• [WHAT IS NEEDED]: Each entry below is to be transcribed exactly; pictures are not copied.

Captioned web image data
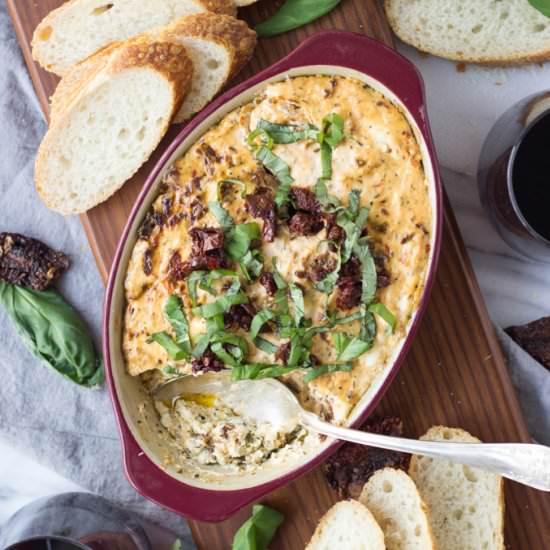 Sun-Dried Tomato and Pesto Dip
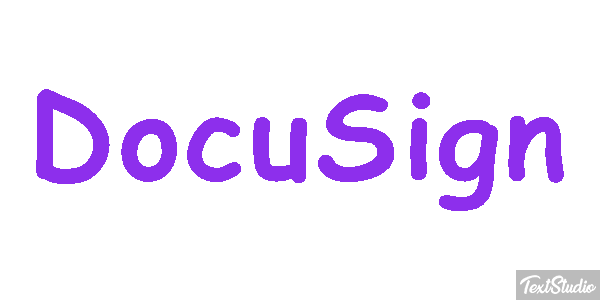 DocuSign Metin efekti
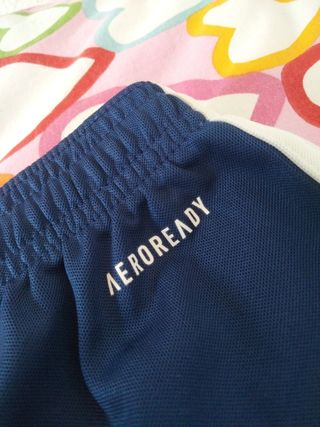 pantalón corto chándal azul niño
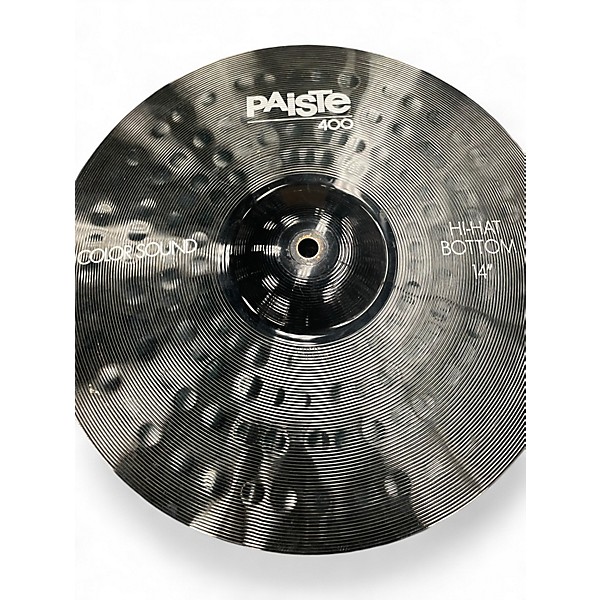 Used Paiste 14in 400 Color Sound Pair Cymbal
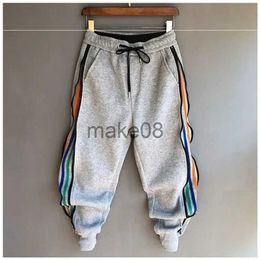 Men's Pants Homme Fashion Hip Hop Streetwear Men Striped Patchwork Harem Pants Korean Loose Fit Cuffed Jogger Sweatpants Trousers For Male J230714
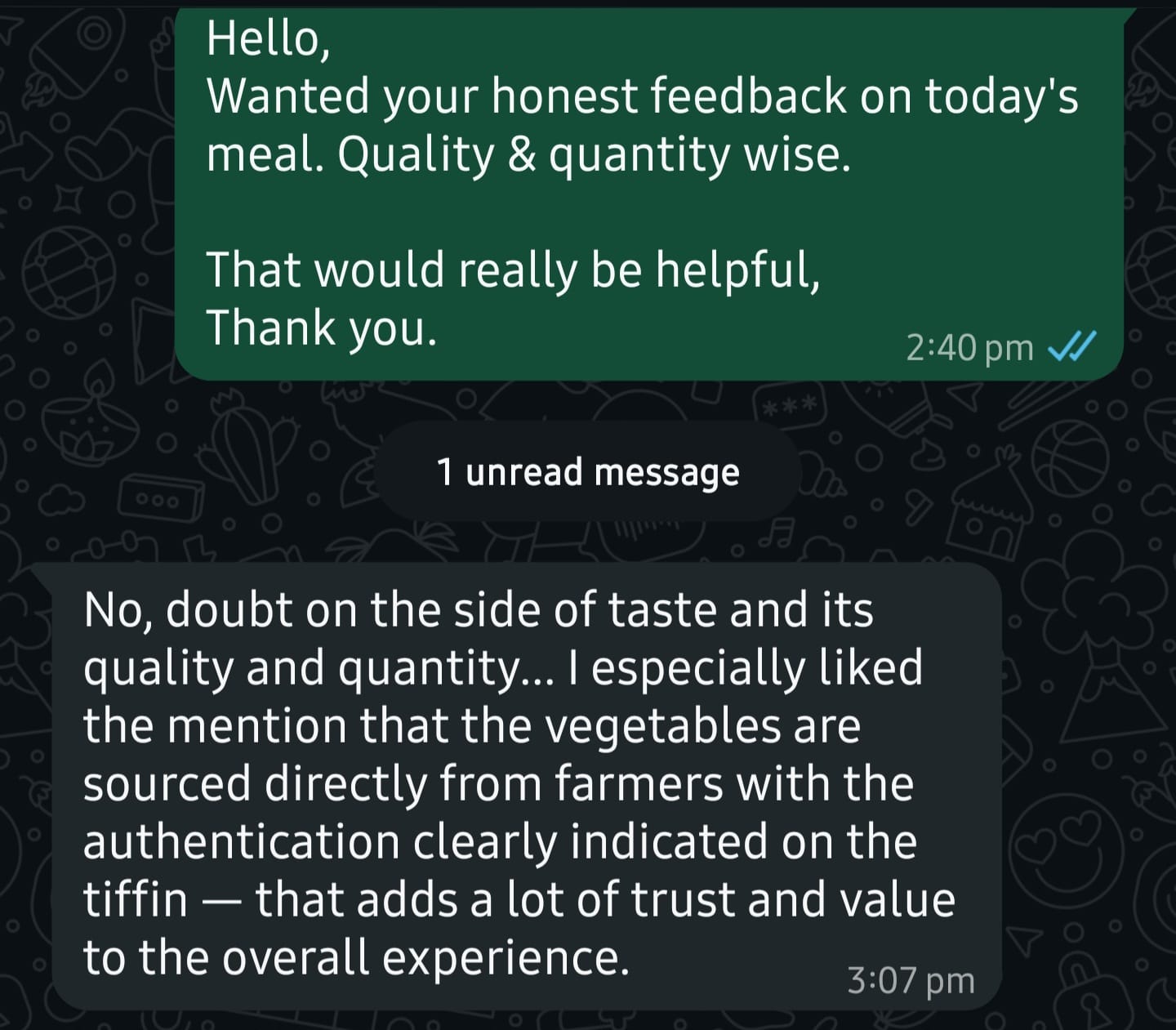 Customer review from John Doe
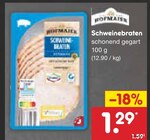 Schweinebraten Angebote von Hofmaier bei Netto Marken-Discount Amberg für 1,29 €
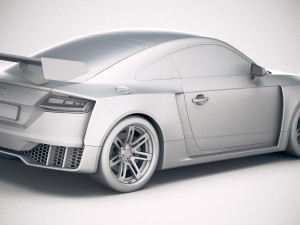 Audi TT RS Clubsport Turbo 2017 Modèle 3D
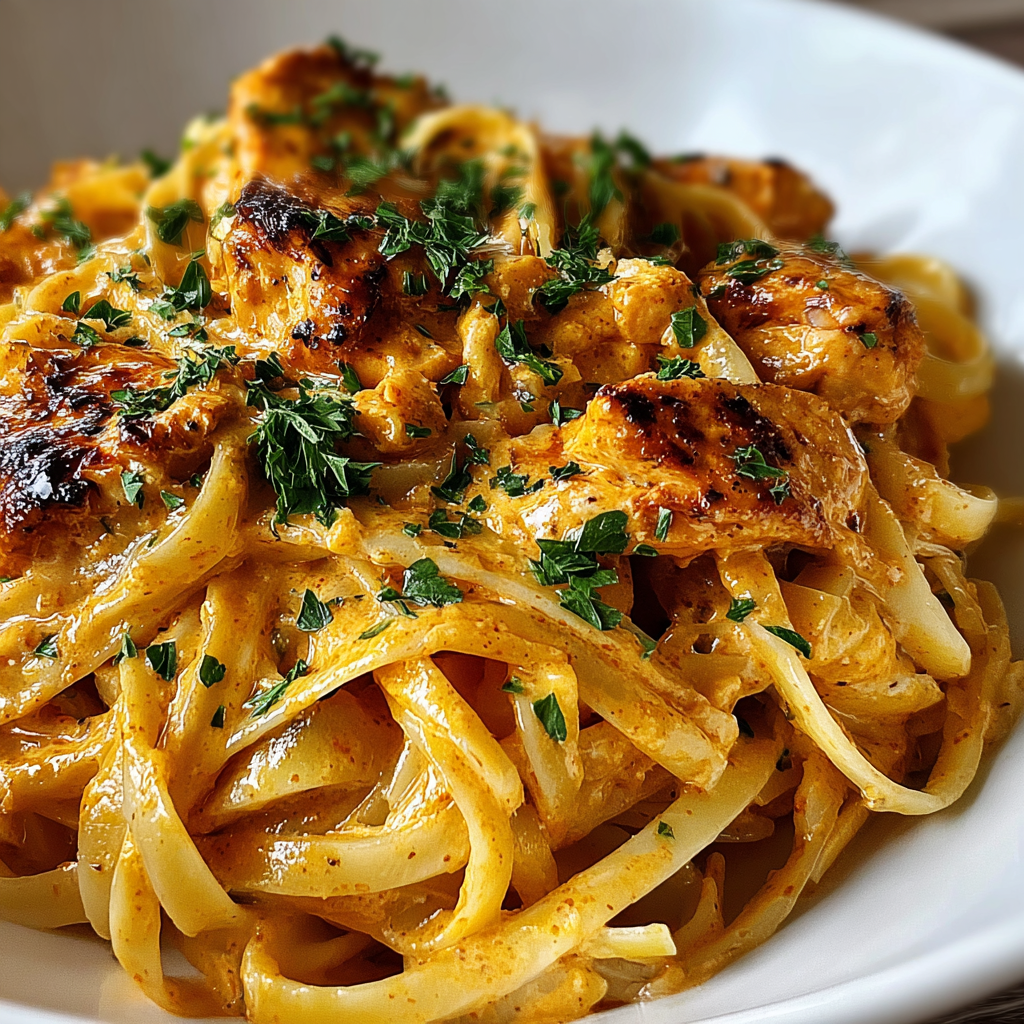 Savor the Flavor of Cowboy Butter Chicken Linguine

• [WRITTEN RESPONSE]:
 Sun-Dried Tomato and Pesto Dip
 DocuSign Metin efekti
 pantalón corto chándal azul niño
 Used Paiste 14in 400 Color Sound Pair Cymbal
 Men's Pants Homme Fashion Hip Hop Streetwear Men Striped Patchwork Harem Pants Korean Loose Fit Cuffed Jogger Sweatpants Trousers For Male J230714
 Customer review from John Doe
 Schweinebraten Angebote von Hofmaier bei Netto Marken-Discount Amberg für 1,29 €
 Audi TT RS Clubsport Turbo 2017 Modèle 3D
 Savor the Flavor of Cowboy Butter Chicken Linguine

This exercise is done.